Spectral modeling can be viewed ``sampling synthesis done right'' [154]. That is, in spectral modeling synthesis, segments of the time-domain signal are replaced by their short-time Fourier transforms, thus providing a sound representation much closer to the perception of sound by the brain [66,109,205]. This yields two immediate benefits: (1) computational cost reductions based on perceptual modeling, and (2) more perceptually fundamental data structures. Cost reductions follow naturally from the observation [168] that roughly 90% of the information contained in a typical sound is not perceived by the brain. For example, the popular MP3 audio compression format [27,28] can achieve an order of magnitude data reduction with little or no loss in perceived sound quality because it is based on the short-time Fourier transform, and because it prioritizes the information retained in each spectral frame based on psychoacoustic principles. To first order, MPEG audio coding eliminates all spectral components which are masked by nearby louder components.
The disadvantages of spectral modeling are the same as those of sampling synthesis, except that memory usage can be greatly reduced. Sampling the full playing range of a musical instrument is made more difficult, however, by the need to capture every detail in the form of spectral transformations. Sometimes this is relatively easy, such as when playing harder only affects brightness. In other cases, it can be difficult, such as when nonlinear noise effects begin to play a role.

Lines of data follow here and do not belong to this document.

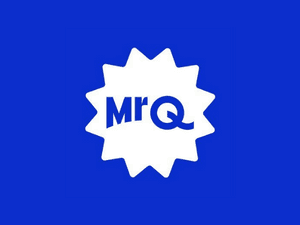 Logo of MrQ Casino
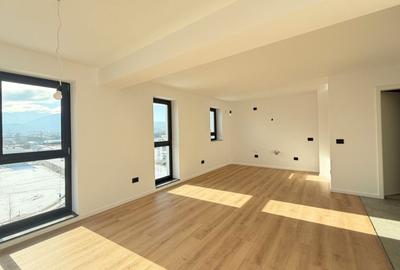 Kasper vânzare apartament de lux 2 camere nelocuit vedere libera spre Tâmpa - 1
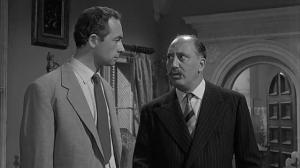 Кадры из фильма Дыхательная трубка / The Snorkel (1958)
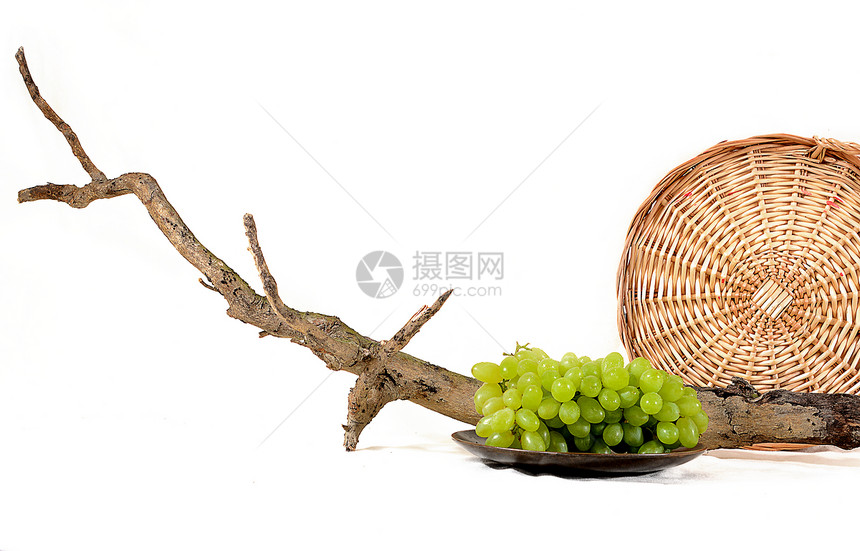 四川特产有机葡萄图片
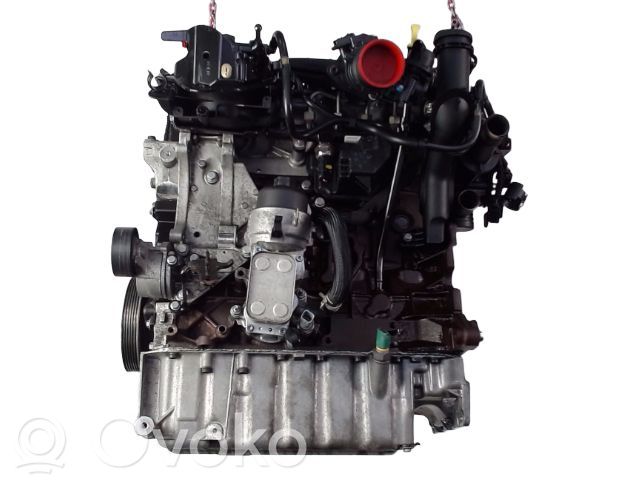 Peugeot 508 Двигатель 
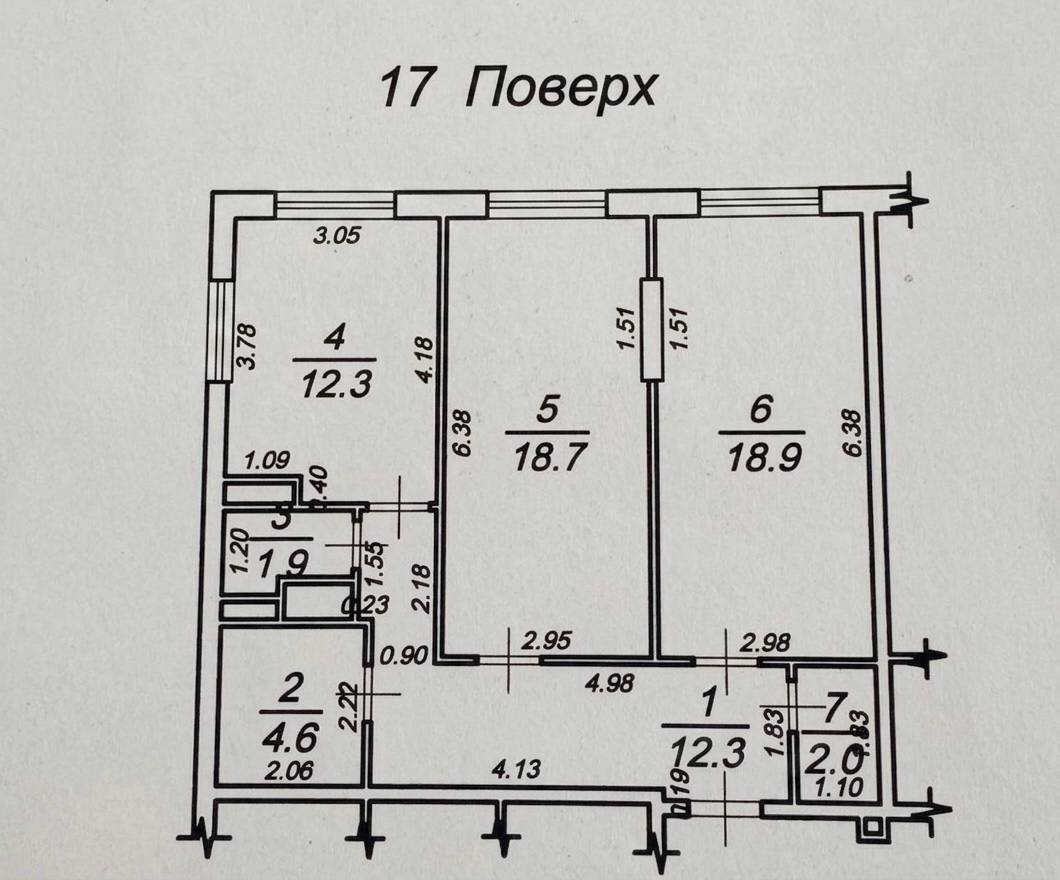Квартира на ул. Французский бульвар, 70 м², 130 000$ — FAKTOR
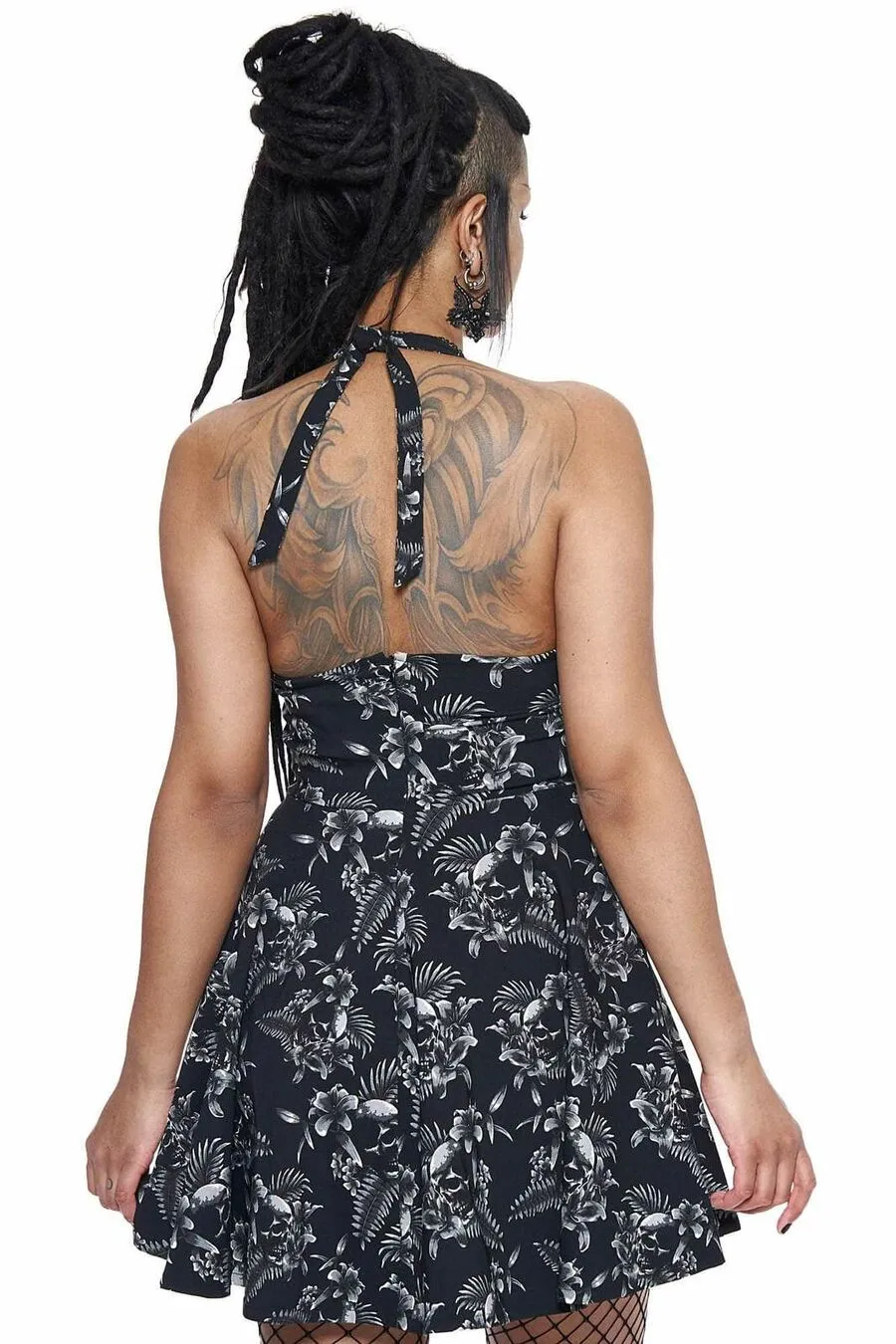 Robe KILLSTAR 'Aloha From Hell' 4 Robe KILLSTAR 'Aloha From Hell' – Image 2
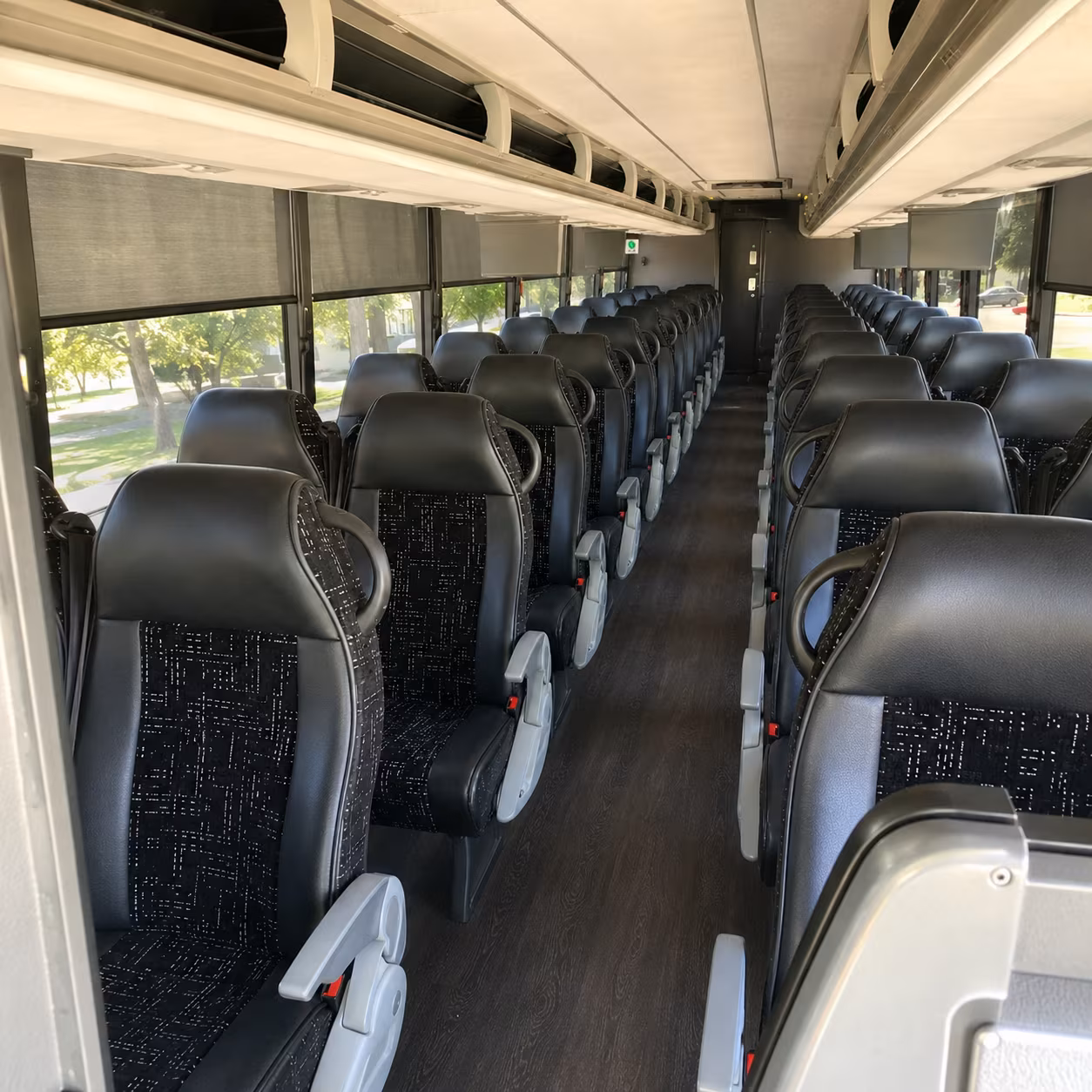allentown private charter bus transportation for allentown events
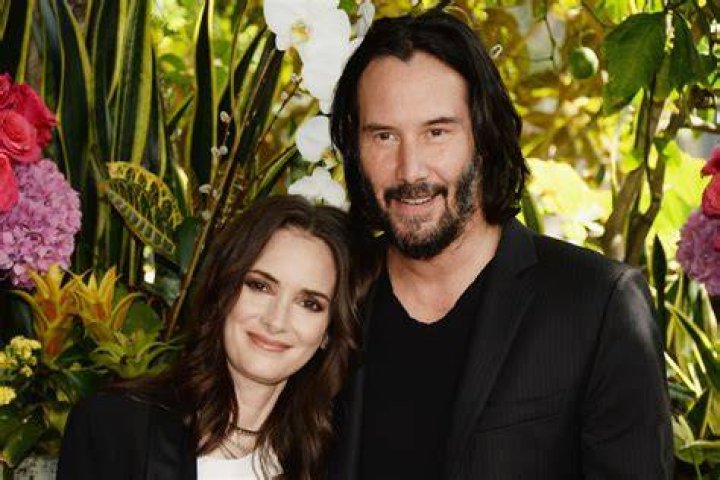 Keanu Reeves Winona Ryder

An excellent recent example of spectral modeling synthesis is the so-called Vocaloid developed by Yamaha in collaboration with others [5]. In this method, the short-time spectrum is modeled as sinusoids plus a residual signal, together with higher level spectral features such as vocal formants. The model enables the creation of ``vocal fonts'' which effectively provide a ``virtual singer'' who can be given any material to sing at any pitch. Excellent results can be achieved with this approach (and some of the demos are very impressive), but it remains a significant amount of work to encode a particular singer into the form of a vocal font. Furthermore, while the sound quality is generally excellent, subtle ``unnaturalness'' cues may creep through from time to time, rendering the system most immediately effective for automatic back-up vocals, or choral synthesis, as opposed to highly exposed foreground lead-singer synthesis.
Zooming out, spectral modeling synthesis can be regarded as modeling sound inside the inner ear, enabling reductions and manipulations in terms of human perception of sound.